In the latest edition of its half-yearly Financial Stability Report (FSR), the Reserve Bank of India (RBI) has pointed out that global risks and domestic macroeconomic risks continue to be the two most important factors affecting the stability of the Indian financial system. While there might not be anything new in that observation — recent FSRs have emphasised much the same factors — the June report has been prepared in the shadow of major debates about the appropriateness, timing and pace of the U.S. Federal Reserve’s impending decision to end its highly unconventional monetary policies. This expectation has created tremors in financial markets across the globe. The rupee tumbled against the dollar to fall below Rs.60 simply on the basis of unconfirmed reports that the Fed would be phasing out its ultrasoft monetary policy sooner than expected. Practically all major emerging markets have witnessed large-scale sell-offs in their currency, bond and equity markets. India’s external sector vulnerabilities have been exposed. A critical and even fatal dependence on fleet-footed capital flows is in evidence along with the paucity of policy measures to shore up the balance of payments on a more sustained basis. Two reports released on the same day as the FSR — a snapshot of external debt as of end March 2013 and the balance of payments assessment during the last quarter of 2012-13 — are not encouraging.
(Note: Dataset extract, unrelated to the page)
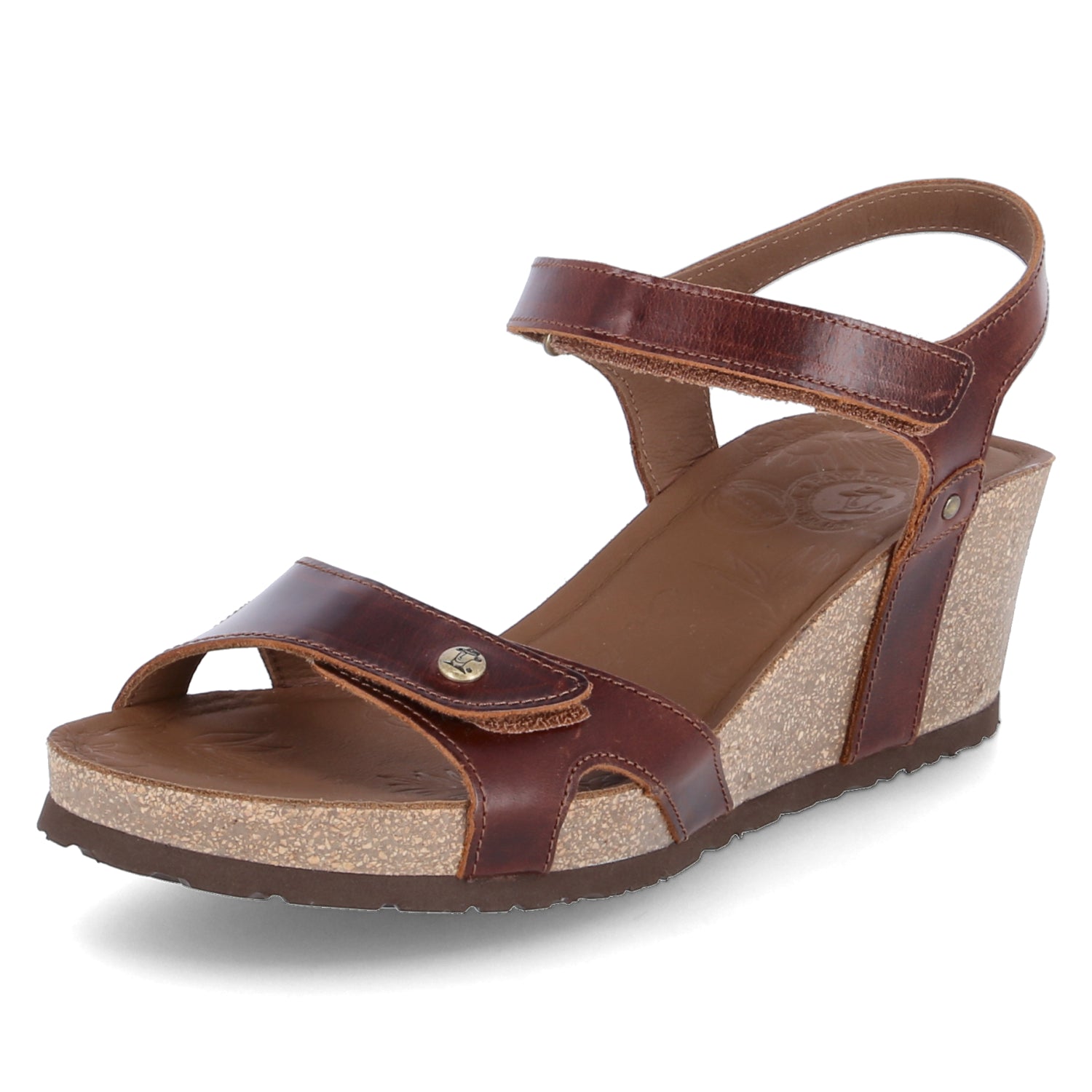 Sandaletten JULIA CLAY B1  Braun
India’s external debt has risen by nearly 13 per cent over March 2012. Quite disconcertingly, there is an unhealthy bunching up of short-term loans due for repayment by March 2014. The current account deficit remains high at 4.8 per cent of GDP and has been a major factor behind the rupee’s recent depreciation. Many corporates who borrowed abroad have been reckless in not hedging their exchange rate risks and are thus contributing to macroeconomic instability. Risks to the banking sector have increased marginally over the past six months, with tight liquidity and deteriorating asset quality being the main causes. In the RBI’s estimate, if current macroeconomic conditions continue, the credit quality of banks could deteriorate but all of them have enough capital to withstand pressures. Life insurance products are dominated by single premium policies. There are question marks over the funding of some of the newly defined benefit plans and these could strain the insurers on the maturity dates. In an obvious reference to recent scams in certain banks, the FSR cites instances of mis-selling financial products, mostly insurance products and other wealth management services. The overall message from the seventh FSR is that while the financial system is stable for now, it faces increased risks from home and abroad.